Luc de Barochez choisit ensuite de faire un zoom sur l’un des grands chantiers structurants du règne de Mohammed VI: «Tanger Med, le plus grand port d’Afrique» est le premier article descriptif de ce dossier Maroc. Le journaliste, qui a lui-même visité cette œuvre majeure et désormais concrète de la ville du Détroit, use d’un lexique certes mesuré, mais révélateur du fait qu’il a été visiblement impressionné. Tanger Med est ainsi qualifié de «titanesque», de «poumon économique» du Maroc, de «symbole palpitant du renouveau économique du royaume».
«Aujourd’hui les plus grands navires du monde, capables d’embarquer jusqu’à 20.000 conteneurs chacun, viennent accoster sur les quais immenses où les attendent d’immenses portiques de débarquement automatisé», indique posément le journaliste, au plus près de la réalité, comme le veulent les règles d’un reportage objectif.
Né d’une «vision royale», Tanger Med a connu, depuis, «un envol vertigineux» grâce à un « investissement total de 8 milliards d’euros sur dix ans», indique sobrement Luc de Barochez.
L’auteur de cette enquête a tenu également à revenir, sous formes d’encadrés concis, sur d’autres chantiers, culturels et architecturaux ceux-là, aujourd’hui réalités concrètes dans plusieurs villes du Maroc. L’auteur cite à cet égard le collège «La Muraille du Savoir» d’El Jadida, dont l’œuvre architecturale a doublement été primée, en 2018, au concours international Architizer A+Awards; la gare LGV de Casablanca-Voyageurs, «ensemble ferroviaire ultramoderne», qui attend «20 millions d’usagers en 2025» a également retenu son attention; mais aussi le nouveau grand théâtre de la métropole économique, ou CasaArts Casablanca, une œuvre co-signée Christian de Portzamparc et Rachid Andaloussi.

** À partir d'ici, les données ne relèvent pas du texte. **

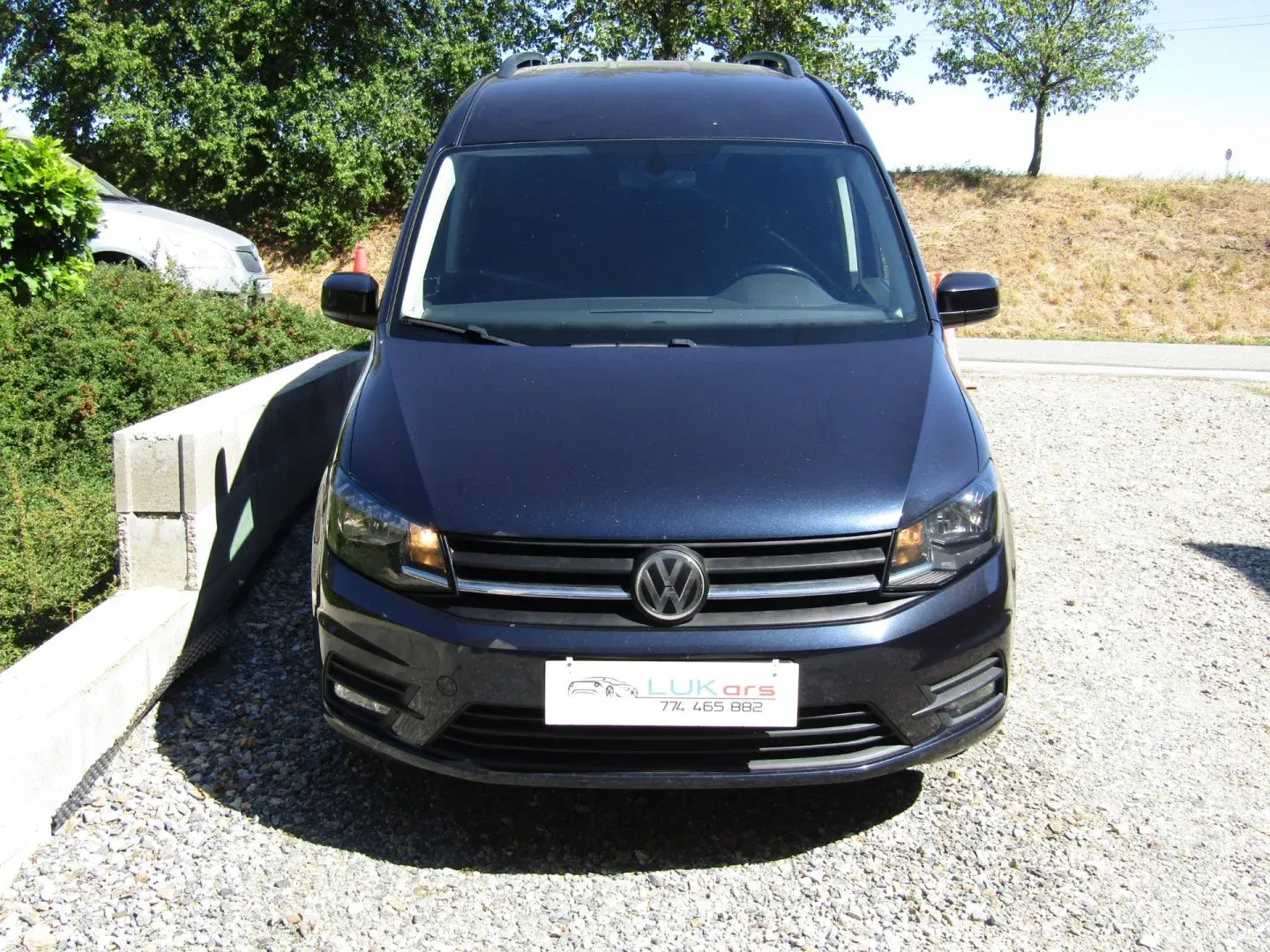 Volkswagen Caddy - Náhled 6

Enfin, d’un strict point de vue religieux, le royaume, de tradition séculaire musulmane et judaïque, est décrit par l’envoyé spécial du Point comme étant détenteur d’une mission capitale, celle «d’éviter le choc des civilisations». Le reporter a donc visité l’institut Mohammed VI des imams, aumôniers et prédicatrices, créé en 2004 à Rabat, et qui prône un islam «ouvert et tolérant», écrit-il, «une religion de paix et d’amour».
Le reporter entend dans cet institut des femmes «psalmodier le Coran», «un chant inimaginable au Moyen-Orient». L’institut, écrit-il en outre, dispense également à ses étudiants issus de tous horizons, y compris de France, des notions de «culture juive» ainsi qu’une «introduction au christianisme».
Toutefois, Luc de Barochez indique lucidement que «la réforme religieuse, impulsée d’en haut, se heurte à de vives oppositions, parmi une mouvance islamiste aux multiples ramifications». Il cite, pêle-mêle, l’association, interdite mais tolérée, Justice et Bienfaisance, ainsi que le Mouvement Unicité et Réforme (MUR), bras idéologique du Parti de la Justice et du Développement, qui est aux commandes de l’actuelle coalition gouvernementale, dont il note le fait qu’ils «utilisent le programme national de lutte contre l’analphabétisme pour faire de l’entrisme dans les mosquées».
Et l'auteur de cette enquête de fond sur le bilan des vingt années de règne du roi Mohammed VI de conclure qu’il s’agit là d’«un combat de longue haleine, encore loin d’être gagné».